The acting was immaculate in representing this. Each actor’s movement was clear, and their faces were alight with the humor that tinged the entirety of the musical, tragic and revolution-filled otherwise. This was an interesting choice to bring to Nixa, and I enjoyed seeing something different.
Nixa’s theater department created an immersive world. Had I known how the show would have unfolded, I would have warned the audience of the cops at intermissions and their batons.
They were nice when you’d chat about their affairs — as they seem to love their job— and were amicable enough about enforcing taxes.
“It gets a little rough here and there,” cop Susie Q said. “But we [cops] get it together.”
The cops could be considered the enlightened ones. Very obscurely enlightened, but still so nonetheless. They knew where Urinetown was. They knew that, eventually, they’d all reach it.
They also demonstrated the corruption of the rich and the poor. What made the cops interesting– besides their ‘I’m detaining you for relieving yourself,’ dancing, of course– was the police and un-official commenter of the show Officer Lockstock’s relationship with Little Sally, a poor girl. It was comedic and, in some ways, one of the most humane aspects of the musical. It contrasted the corruption of the cops, willing to accept bribes from the Urine Good Company, with a poor girl counting her coins to use the restroom.
While Officer Lockstock and Little Sally did not change, their relationship often broke the fourth wall, directly addressing the audience to include them in an unlikely bond.
Before a revolution could start, there must be a spark. Enter: naive Hope Cladwell, daughter of Mr. Cladwell, and her encounter with Bobby Strong. Hope’s encouragement for Bobby to follow his heart led to him seizing Public Amenity 9 and granting everyone free access to it, eventually involving a struggle against the whole Urine Good Company.
Following their hearts also, apparently, led them to each other.
Now, I know this may sound a bit off to some of you, but I am wholly unconvinced about the whole follow your heart concept.
“Follow Your Heart” was what Hope sang and believed, yet when everyone happened to follow their own heart, everything seemed to take a turn in a decidedly worse direction. Bobby Strong was the only exception, and he turned out dead.
As to the tears and apparent love shown for Bobby: they were the tears one would shed for a revolutionary, not a lover. It wasn’t a death that was mourned; it was exalted. He changed from being a dreamer to the face of a revolution.
Hope, while proclaiming rivers of justice as the desire of her heart, with that same heart had no remorse when she commanded her father to be thrown off his building. In our faulted condition, can we deem ourselves to be filled with justice and then not display mercy? That doesn’t sound like the heart I’d like to listen to.

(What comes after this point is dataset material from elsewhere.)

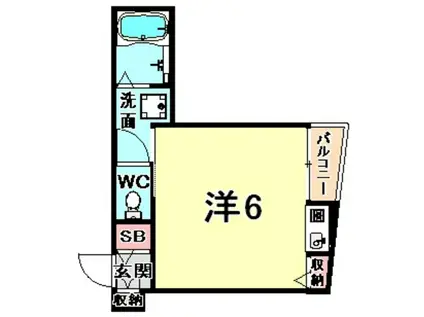 フェニックスコート御影(ワンルーム/4階)の間取り写真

The cops, Mr. Caldwell B. Cladwell, Hope Cladwell, Bobby Strong, a revenge-seeking peasantry and the rich; There is no happy reconciliation amongst them. To be fair, we were warned at the beginning that this would be no happy musical.
The musical was a reflection of the bleakest premises of this world; of money-lust, and the hunger for a fractured sense of justice. The message, a confusing one. Is your town to be Urinetown if “you’re hopeless, down, and out”? Or is all the world eventually to reach Urinetown?

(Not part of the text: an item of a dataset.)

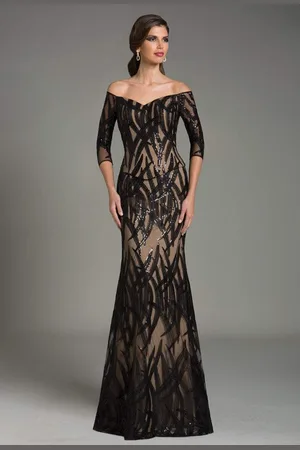 Feriani Couture 18528 Printed Off Shoulder Long Gown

Urinetown: a revolution with a vision of eternal clean rivers of justice, to forget that the body that encases it is surrounded by dirt, a dirt which turns that clear river of justice into muddy waters. Urinetown: the musical’s metaphor for death.
It was crushing how the musical ended. After Hope’s father was thrown off his own building, Hope became its leader and allowed everyone access to public amenities for free. Free for everyone, only to make everyone pay at the end; after all, everything has a price.
There was not enough water. There was not enough compassion. By the end of the musical, both had run out. A baby was raised as the lights shone down on it– one last spark of hope before the end of the show. The light kept shining as the baby and the person holding it collapsed.
If you are looking for humor and a depressing ending, I would recommend going. For me though, seeing Urinetown was a one time only experience.